Dr. Mahmud describes his human rights work on child protection as combining both shaming and principled engagement with the Government and with the rebels. “But this does not mean that I take a morally neutral position between perpetrators and victims.”
The 2002 Oak Human Rights Fellow was Ushari Ahmad Mahmud Khalil, Ph.D. Dr. Ushari Mahmud has worked for the past 15 years to document and protest human rights abuses in his home country of Sudan. He is an important advocate for the rights of internally displaced populations and of children affected by armed conflict in Sudan.
Dr. Mahmud received his Ph.D. in Sociolinguistics from Georgetown University in 1979 and subsequently undertook university teaching, research, and writing on language rights, cultural hegemony, and the use of discourse to distort and conceal the realities of violence in Sudan.

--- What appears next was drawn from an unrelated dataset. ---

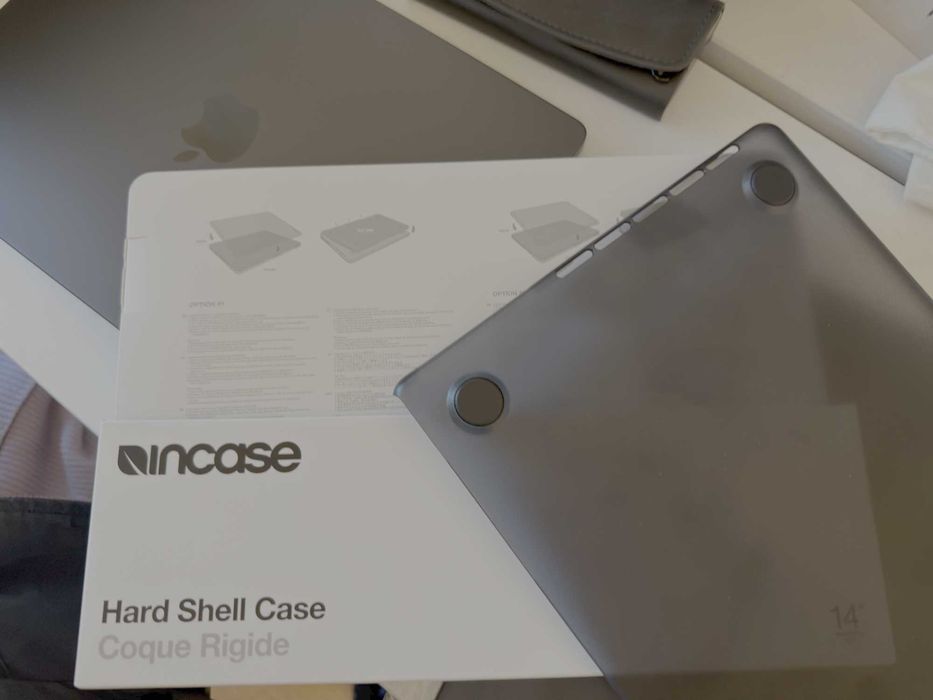 Etui Incase Edge Hardshell na MacBooka Pro 14 calowy
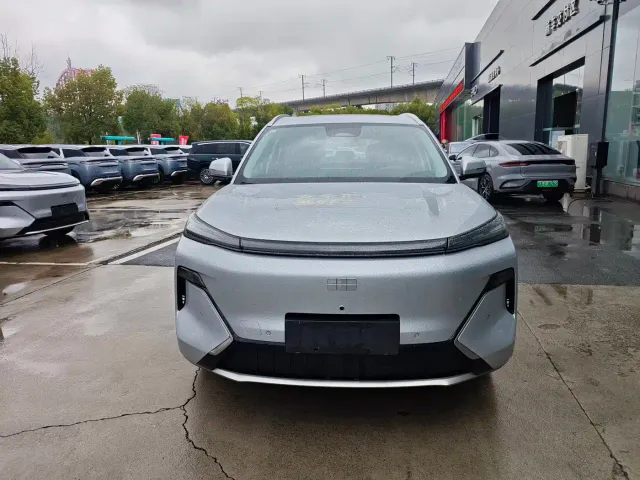 Geely Galaxy Starship 7 EM-i — Фото автомобиля 2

Since 1996, Dr. Mahmud has worked with UNICEF in the field of child protection in both Government- and rebel-controlled areas and in the UNICEF Eastern and Southern Africa Regional Office in Nairobi. He also worked on second-tier ethnic conflicts and peace building in Sudan.
As a human rights defender, Dr. Mahmud’s work has focused on violence against children in situations of displacement, slavery, abduction, recruitment in the military, incarceration in juvenile camps, discrimination, and the possession of small arms and light weapons.
In 1987, Dr. Mahmud co-authored a human rights report in which he exposed a massacre of 1500 internally displaced persons from the African Dinka group by an Arab Muslim Group allied to the government. In addition, the same report exposed to the world the practice of slavery and the complicity of the Sudan Government in its perpetration as a war strategy against the southern Sudanese rebels.
In 1990, Dr. Mahmud received international recognition for his work with a Human Rights Watch Monitor Award.
Because of his work with such sensitive issues, Dr. Mahmud was held for two years in preventive detention and banned from travel for a subsequent seven years by the current government in Khartoum. He is regularly defamed in the Khartoum media and attacked by top government ministers and officials because of his advocacy against slavery and a perception that he is a “secret member” of the rebel movement.
Recently, the rebel movement’s humanitarian wing informed UNICEF/Operation Sudan, where Dr. Mahmud currently works as a child protection officer for child soldier demobilization, that any extension of his work in rebel-controlled areas would not be welcomed. The rebel movement cited Dr. Mahmud’s outspokenness regarding human rights issues.
Dr. Mahmud describes his human rights work on child protection as combining both shaming and principled engagement with the Government and with the rebels. “But this does not mean that I take a morally neutral position between perpetrators and victims.”